Recognising trends with patent monitoring
Dr. Lars Zanzig
Serviva GmbH
Patent monitoring is the ideal tool for
Patent monitoring consists of a search query specially developed for this purpose, which is carried out at regular intervals. A monthly interval is often chosen, but an interval of 14 days or 3 months can also be useful for very large or small amounts of data.
In the case of technology monitoring or competitor monitoring, a search is carried out for new IP rights on a precisely defined subject matter, whereas legal status monitoring has a completely different information content: The legal status of a patent application is monitored at the relevant patent offices or other data sources for an already known list of IP rights and information is provided when certain intermediate steps are reached.
The search profile of a typical technology watch is a compilation of several different search queries that deliver a common result set. A document that is already found by one of these search queries is included in the result set.
Competitors who are active in the subject area to be monitored are often known. By searching for the applicant or inventor name, all new documents of these already known applicants/inventors are “automatically” included in the monitoring report.
Searching by patent class has one major advantage: you are independent of the choice of words used to describe the technical content; the only thing that matters is the subject area in which the relevant patent office categorizes the IP right.
Some cross-cutting topics occur in different patent classes. A supplementary search with the most important terms is therefore often useful and a second starting point to avoid missing relevant documents.

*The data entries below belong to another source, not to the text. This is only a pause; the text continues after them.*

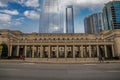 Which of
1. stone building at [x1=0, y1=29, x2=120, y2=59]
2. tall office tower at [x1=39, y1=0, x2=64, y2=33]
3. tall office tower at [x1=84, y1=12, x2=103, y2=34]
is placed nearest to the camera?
stone building at [x1=0, y1=29, x2=120, y2=59]

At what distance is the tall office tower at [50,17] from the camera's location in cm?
16712

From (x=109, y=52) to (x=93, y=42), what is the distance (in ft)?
50.1

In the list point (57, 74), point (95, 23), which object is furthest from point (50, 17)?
point (57, 74)

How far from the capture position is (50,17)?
552 feet

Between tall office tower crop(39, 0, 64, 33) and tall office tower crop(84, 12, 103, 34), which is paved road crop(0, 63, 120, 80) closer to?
tall office tower crop(39, 0, 64, 33)

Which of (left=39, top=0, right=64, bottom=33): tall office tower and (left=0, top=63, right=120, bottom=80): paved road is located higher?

Creating a search profile for a technology watch is an independent search in which SERVIVA draws on the extensive experience of its search team. A certain proportion of documents that are not relevant in terms of content cannot be avoided during monitoring. If a technology watch only finds relevant documents, it is very likely that the search profile is formulated too narrowly.

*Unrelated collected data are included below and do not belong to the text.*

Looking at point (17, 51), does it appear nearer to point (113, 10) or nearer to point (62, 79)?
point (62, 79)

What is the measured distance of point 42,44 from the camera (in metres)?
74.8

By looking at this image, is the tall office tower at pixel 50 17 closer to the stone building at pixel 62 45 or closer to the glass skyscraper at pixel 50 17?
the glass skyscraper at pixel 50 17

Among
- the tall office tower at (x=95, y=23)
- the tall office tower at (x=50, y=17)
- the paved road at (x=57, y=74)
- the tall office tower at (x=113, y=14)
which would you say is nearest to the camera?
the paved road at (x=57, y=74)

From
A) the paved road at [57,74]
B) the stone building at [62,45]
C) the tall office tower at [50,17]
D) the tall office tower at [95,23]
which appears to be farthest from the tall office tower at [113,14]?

Even those who do not apply for patents themselves can be affected by patents of other applicants, and should not omit the area of patents because they do not have any patent applications of their own. When working with patents on a regular basis patent applications from third parties, that are of interest to your own work, accumulate, and whose further development can no longer be efficiently monitored manually. In addition, there is often a lack of motivation or capacity for regular processing.
At this point at the latest, it makes sense to monitor the legal status in order to ensure that the IP rights are systematically monitored according to the same criteria. A further advantage is that new family members in patent families do not go undetected and the strategic country coverage of the monitored patent families becomes known.

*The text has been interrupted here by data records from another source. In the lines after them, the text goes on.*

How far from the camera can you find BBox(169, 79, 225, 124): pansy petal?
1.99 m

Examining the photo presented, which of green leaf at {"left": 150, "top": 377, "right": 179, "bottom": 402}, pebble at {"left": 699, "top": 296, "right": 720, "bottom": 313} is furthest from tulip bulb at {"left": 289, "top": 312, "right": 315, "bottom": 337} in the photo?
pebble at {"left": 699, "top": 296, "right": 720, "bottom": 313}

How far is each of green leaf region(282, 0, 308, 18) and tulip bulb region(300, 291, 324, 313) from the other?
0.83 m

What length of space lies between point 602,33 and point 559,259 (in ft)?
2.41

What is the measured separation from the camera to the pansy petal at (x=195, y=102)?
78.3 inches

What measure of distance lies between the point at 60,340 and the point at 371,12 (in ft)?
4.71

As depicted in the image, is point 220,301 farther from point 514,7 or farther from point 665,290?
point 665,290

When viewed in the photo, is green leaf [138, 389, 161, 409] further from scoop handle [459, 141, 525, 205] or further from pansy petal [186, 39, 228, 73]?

Typical events that are checked for their occurrence in a legal status monitoring are:
Since patents and utility models are governed by the law of the competent institution (national patent law, EPC or PCT), the scope of the available notifications, the exact wording and the handling of the patent register differ depending on the country of publication. This data is published – with varying degrees of completeness and up-to-dateness – in the patent registers and sometimes also in commercial patent databases. By regularly using all data sources, SERVIVA can check the reliability of the information and is always informed of new developments at an early stage.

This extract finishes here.